◆ **MATERIAL FOR THIS TASK**
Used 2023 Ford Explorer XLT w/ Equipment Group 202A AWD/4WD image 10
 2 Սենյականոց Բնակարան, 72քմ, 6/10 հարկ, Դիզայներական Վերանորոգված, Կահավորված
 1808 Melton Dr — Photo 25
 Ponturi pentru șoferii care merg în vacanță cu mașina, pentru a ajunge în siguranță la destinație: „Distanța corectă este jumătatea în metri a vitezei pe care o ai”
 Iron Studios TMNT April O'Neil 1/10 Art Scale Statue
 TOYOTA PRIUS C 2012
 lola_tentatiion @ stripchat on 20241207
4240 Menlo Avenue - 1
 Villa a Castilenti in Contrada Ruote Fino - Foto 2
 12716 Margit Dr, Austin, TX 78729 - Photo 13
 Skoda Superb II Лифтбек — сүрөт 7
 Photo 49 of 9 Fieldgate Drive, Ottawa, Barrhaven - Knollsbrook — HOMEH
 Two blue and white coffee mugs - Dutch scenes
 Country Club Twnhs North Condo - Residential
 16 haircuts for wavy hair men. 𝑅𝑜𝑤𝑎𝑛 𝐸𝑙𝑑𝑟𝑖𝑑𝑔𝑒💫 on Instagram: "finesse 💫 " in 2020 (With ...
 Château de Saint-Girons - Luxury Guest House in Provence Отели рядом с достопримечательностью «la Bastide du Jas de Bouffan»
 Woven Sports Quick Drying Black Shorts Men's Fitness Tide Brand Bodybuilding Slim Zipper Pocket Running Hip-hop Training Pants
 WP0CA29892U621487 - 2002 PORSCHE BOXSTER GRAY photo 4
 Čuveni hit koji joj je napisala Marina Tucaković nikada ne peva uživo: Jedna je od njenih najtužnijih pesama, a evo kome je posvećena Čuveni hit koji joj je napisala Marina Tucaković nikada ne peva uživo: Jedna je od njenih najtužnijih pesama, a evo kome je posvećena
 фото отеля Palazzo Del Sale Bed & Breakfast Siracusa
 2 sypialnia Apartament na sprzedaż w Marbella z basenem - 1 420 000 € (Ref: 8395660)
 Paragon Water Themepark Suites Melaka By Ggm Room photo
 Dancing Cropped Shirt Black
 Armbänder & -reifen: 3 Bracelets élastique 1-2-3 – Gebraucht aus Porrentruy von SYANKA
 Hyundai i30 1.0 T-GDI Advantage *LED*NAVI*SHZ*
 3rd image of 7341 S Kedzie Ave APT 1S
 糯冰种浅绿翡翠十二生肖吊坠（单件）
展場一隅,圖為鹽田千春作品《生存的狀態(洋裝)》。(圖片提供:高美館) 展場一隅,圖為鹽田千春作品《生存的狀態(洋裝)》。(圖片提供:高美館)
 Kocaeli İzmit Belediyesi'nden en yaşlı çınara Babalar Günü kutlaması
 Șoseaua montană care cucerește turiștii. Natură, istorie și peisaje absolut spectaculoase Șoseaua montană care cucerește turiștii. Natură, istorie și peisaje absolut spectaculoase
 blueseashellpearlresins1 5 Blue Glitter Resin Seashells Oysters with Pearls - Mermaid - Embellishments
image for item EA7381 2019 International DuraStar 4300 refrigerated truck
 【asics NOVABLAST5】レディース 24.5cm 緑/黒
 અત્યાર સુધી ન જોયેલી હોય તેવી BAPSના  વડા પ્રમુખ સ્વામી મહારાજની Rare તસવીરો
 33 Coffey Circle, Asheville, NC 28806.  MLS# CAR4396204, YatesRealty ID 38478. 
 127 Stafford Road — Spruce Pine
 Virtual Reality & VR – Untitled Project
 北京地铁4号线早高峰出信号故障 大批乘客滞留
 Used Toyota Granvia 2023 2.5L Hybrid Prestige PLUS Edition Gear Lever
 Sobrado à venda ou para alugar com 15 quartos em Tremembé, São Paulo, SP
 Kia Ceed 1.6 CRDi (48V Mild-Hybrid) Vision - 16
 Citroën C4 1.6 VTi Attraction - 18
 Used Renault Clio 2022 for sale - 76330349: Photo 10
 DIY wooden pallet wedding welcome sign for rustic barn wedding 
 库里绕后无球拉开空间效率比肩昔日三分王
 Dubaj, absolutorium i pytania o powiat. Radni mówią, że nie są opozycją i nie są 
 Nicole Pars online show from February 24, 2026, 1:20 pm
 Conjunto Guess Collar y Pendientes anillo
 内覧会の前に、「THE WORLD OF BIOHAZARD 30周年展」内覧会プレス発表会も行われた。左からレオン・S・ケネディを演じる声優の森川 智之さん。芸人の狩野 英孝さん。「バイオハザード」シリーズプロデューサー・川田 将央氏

◆ **YOUR ASSIGNMENT**
In the records above, some lines may contain the word "Hybrid"; copy every one of them.

◆ **RESPONSE AREA**
 Used Toyota Granvia 2023 2.5L Hybrid Prestige PLUS Edition Gear Lever
 Kia Ceed 1.6 CRDi (48V Mild-Hybrid) Vision - 16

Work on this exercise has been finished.